[Crawled caption data]

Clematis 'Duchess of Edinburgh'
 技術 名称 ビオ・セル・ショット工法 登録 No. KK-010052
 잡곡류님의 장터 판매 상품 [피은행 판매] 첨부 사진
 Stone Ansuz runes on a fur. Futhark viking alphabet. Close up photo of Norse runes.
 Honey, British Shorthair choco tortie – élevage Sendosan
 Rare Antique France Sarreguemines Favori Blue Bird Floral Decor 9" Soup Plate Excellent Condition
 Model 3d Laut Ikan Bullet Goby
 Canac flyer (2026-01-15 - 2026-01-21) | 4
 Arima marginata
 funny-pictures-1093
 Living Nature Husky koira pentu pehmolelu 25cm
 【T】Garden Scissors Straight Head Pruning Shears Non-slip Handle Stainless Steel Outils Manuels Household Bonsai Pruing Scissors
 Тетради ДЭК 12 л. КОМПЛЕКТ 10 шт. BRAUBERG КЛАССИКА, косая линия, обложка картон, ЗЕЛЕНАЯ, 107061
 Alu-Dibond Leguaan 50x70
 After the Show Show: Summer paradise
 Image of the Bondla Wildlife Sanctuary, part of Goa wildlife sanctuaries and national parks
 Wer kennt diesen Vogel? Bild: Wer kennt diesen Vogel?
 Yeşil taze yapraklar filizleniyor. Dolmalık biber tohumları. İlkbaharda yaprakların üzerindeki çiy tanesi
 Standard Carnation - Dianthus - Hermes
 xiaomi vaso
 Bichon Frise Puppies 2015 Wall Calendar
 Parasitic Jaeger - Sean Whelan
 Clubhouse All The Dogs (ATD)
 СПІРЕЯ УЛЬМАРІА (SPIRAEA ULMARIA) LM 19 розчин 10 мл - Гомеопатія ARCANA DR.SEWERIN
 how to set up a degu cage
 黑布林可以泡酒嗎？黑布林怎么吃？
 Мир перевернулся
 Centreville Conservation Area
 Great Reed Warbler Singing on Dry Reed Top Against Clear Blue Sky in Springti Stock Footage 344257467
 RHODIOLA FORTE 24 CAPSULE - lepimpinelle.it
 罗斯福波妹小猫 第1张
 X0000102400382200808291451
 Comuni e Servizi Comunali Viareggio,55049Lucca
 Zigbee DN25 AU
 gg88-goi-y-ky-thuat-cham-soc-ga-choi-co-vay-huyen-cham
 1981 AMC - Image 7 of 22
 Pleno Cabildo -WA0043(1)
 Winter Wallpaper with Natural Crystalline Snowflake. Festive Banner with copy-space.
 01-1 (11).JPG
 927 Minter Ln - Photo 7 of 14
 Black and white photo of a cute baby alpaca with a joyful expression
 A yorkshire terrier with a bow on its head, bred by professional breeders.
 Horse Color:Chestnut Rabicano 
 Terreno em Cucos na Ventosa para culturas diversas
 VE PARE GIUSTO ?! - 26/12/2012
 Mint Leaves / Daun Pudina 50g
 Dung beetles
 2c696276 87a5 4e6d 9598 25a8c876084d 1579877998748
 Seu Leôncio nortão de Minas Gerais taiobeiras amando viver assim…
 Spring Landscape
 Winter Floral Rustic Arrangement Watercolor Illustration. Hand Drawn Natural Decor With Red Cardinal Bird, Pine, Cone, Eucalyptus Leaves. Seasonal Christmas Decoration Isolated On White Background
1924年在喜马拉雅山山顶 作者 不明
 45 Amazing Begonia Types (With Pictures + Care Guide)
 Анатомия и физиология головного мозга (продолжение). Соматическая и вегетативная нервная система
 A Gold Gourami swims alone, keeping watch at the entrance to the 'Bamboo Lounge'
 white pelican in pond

WORK INSTRUCTIONS
Copy, exactly and with nothing added, the lines from the one containing "927 Minter Ln - Photo 7 of 14" through the end of the records.

RESULT
 927 Minter Ln - Photo 7 of 14
 Black and white photo of a cute baby alpaca with a joyful expression
 A yorkshire terrier with a bow on its head, bred by professional breeders.
 Horse Color:Chestnut Rabicano 
 Terreno em Cucos na Ventosa para culturas diversas
 VE PARE GIUSTO ?! - 26/12/2012
 Mint Leaves / Daun Pudina 50g
 Dung beetles
 2c696276 87a5 4e6d 9598 25a8c876084d 1579877998748
 Seu Leôncio nortão de Minas Gerais taiobeiras amando viver assim…
 Spring Landscape
 Winter Floral Rustic Arrangement Watercolor Illustration. Hand Drawn Natural Decor With Red Cardinal Bird, Pine, Cone, Eucalyptus Leaves. Seasonal Christmas Decoration Isolated On White Background
1924年在喜马拉雅山山顶 作者 不明
 45 Amazing Begonia Types (With Pictures + Care Guide)
 Анатомия и физиология головного мозга (продолжение). Соматическая и вегетативная нервная система
 A Gold Gourami swims alone, keeping watch at the entrance to the 'Bamboo Lounge'
 white pelican in pond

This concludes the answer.